Retrieval techniques function as follows. You have a large corpus of text and a query you want to run over the text. You look at the query and extract the relevant pieces of text, and then insert them before your query inside of your final prompt.

Prompt

<retrieved text>
<query>

Retrieval Augmented Generation (RAG) is a technique that does exactly this.

Content is put through an embedding model, in chunks, turning each chunk of text into a list of numbers, vector embeddings. The embeddings are stored in a vector database.

For each query, the embedding model turns the query into a vector embedding. The querys' vector embedding is then used to search the vector database for relevant content.

"What is Alice's middle name?" => EmbeddingModel => [0.4, 0.9, 0.2] =>

[0.4, 0.9, 0.2] => VectorDatabase => ["Alice Smith Jacobs", "Amy Brown",
"Allison Groovy"]

The relevant context, alongside the query, is then passed into the model

Final prompt

Alice Smith Jacobs
Amy Brown
Allison Groovy

Q: What is Alice's middle name?

Using RAG, and similar retrieval techniques, you can perform queries over volumes of data that greatly exceed your models' context window!

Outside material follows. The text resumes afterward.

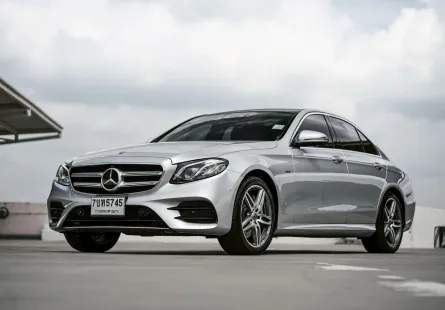 Benz E350e AMG ปี 2017 ประหยัดน้ำมันได้ด้วย EV Mode รถมือเดียว ป้ายแดง พร้อมใช้งาน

For those interested: A recently proposed new retrieval approach was outlined in MemGPT whereby a feedback loop was added. Relevant data is retrieved and if the model finds that it needs more context it will request more context from the system, effectively managing its own virtual memory!

Writing effective prompts

To recap, creating LLMs is expensive, time-consuming, and technically challenging so typically developers use existing models. Consequently, the only thing developers have control over when working with a model is the data that is passed into the model's fixed-size context window. Hence, to make the most of one's tokens, smartly structuring prompts is important.

The objective of a prompt is typically to communicate two things:

  • What do you want the model to do?
  • What do you want the model to know, when answering?

Prompt engineering is a new field dedicated to finding the best ways to communicate intent and promote intelligent reasoning from models. It's the source of prompting techniques such as zero-shot, few-shot, chain of thought, tree of thought, and others.

Retrieval techniques, on the other hand, aim to provide the model with the relevant context it needs to answer queries. If a model's purpose is to answer questions about a large set of data, retrieval techniques like RAG are the mechanism by which you can give the model access to this data, despite the amount of data vastly exceeding the model's context window.

Taken together, prompt and retrieval techniques are some of the best ways to make the most of an LLM's context window, enabling one to mobilize large amounts of data and get correct, well-intentioned, and reasonable responses.